We are witnessing a rapid growth in the development of technology to measure processes within the brain, which in turn can be correlated with brain function and dysfunction. However, these recordings in their raw format are often difficult to interpret, and it is only after processing and transforming them that we are able to gain meaningful information about the underlying processes of the brain. The main challenge here is how to go from high dimensional recordings of brain activity to low dimensional latent variables that provide useful information about the states of the brain. At three sigma lab we are focused on the extraction of latent information from complex recordings of brain activity. The extracted information can be used by clinicians to make better decisions about patient care and enable scientists to better understand how the brain works.
One of the key challenges in clinical neurology is the lack of a reliable quantitative measure of consciousness, which makes it difficult to assess the state of unresponsive patients such as those that are in coma. Nevertheless, a key signature of coma is the severe disruption of electrical activity in the brain, which is related to the deterioration of consciousness. We can capture the electrical activity of the brain using electroencephalogram (EEG) sensors. However, since these patients cannot interact with their surroundings, classical quantitative EEG approaches that rely on exogenous stimuli are not adequate for characterizing such disruptions of brain activity. Hence, we have developed a new method termed Intrinsic Network Reactivity Index (INRI) that aims to assess the overall lability of brain dynamics without using extrinsic stimulation. Using retrospective EEG dataset from comatose patients, we have shown that there is a nice correlation between the INRI index and the Glasgow Coma Scale (GSC) which is a standardized scale used to assess the conscious state of coma patients [1]. We further extended this approach to the Frequency Based Intrinsic Network Dynamic Reactivity (FINDR) approach, which aims to quantify the engagement of different brain regions with each other. We have shown that the FINDR values are correlated to the spatial properties (in this case location) of the brain injury [2].

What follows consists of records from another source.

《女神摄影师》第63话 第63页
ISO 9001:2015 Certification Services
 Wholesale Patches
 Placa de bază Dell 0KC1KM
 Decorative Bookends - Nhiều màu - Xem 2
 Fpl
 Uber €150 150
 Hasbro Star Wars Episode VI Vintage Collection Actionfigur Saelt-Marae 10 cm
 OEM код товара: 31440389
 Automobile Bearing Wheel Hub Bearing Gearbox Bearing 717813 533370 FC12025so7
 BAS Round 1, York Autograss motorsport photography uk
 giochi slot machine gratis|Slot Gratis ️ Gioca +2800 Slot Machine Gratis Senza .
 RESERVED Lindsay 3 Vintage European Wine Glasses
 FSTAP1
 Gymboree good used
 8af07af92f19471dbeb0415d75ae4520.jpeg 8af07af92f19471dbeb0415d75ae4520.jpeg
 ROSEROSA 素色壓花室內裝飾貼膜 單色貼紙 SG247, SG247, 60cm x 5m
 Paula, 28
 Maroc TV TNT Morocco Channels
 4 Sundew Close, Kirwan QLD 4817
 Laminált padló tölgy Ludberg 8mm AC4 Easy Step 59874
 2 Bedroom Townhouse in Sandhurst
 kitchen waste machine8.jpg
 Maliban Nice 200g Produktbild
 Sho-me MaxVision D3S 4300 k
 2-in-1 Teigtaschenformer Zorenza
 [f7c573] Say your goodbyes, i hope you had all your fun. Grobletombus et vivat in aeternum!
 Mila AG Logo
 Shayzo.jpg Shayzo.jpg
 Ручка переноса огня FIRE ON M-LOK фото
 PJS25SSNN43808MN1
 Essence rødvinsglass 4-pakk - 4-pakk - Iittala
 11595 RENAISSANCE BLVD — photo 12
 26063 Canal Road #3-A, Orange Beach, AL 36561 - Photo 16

Epilepsy is one of the most common disabling neurological conditions characterized by recurrent and unprovoked temporary electrical disturbance in the brain, known as seizures. Seizures are typically detected by visual analysis of electroencephalogram (EEG) signals performed by neurologists, but this could be automated for real-time monitoring of epilepsy patients. Unfortunately, most of the methods developed for seizure detection are computationally intensive and cannot be easily implemented in an embedded system (i.e. mobile phones). In a proof-of-concept study, we showed it is possible to use simple time domain features extracted from Electroencephalogram (EEG) signals with a distance-based classifier to detect seizure onsets with low complexity (in this case O(n2) where n represents the dimension of the dataset) [3]. Later, we extended this study and developed an adaptive seizure onset detection framework using a combination of blind signal separation methods and a change point detector to take into account the inter-patient variation of EEG signals during seizure detection [4].
Among various data mining algorithms, the rule-based methods are preferred in the medical domain since they can provide simple if-then rules that help the physicians understand the logic behind classifying a patient into a specific risk category. Unfortunately, the majority of rule-induction algorithms can only handle discrete datasets, whereas most neuroimaging datasets are continuous. Hence, to take advantage of the rule-induction algorithms in continuous datasets, we proposed a new discretization method based on Gaussian Mixture Models (GMM) that effectively discretizes the continuous variables with minimum information loss [5]. We showed the proposed method can be used for predicting the risk of brain aneurysm rupture from various morphological features of blood vessels in the brain.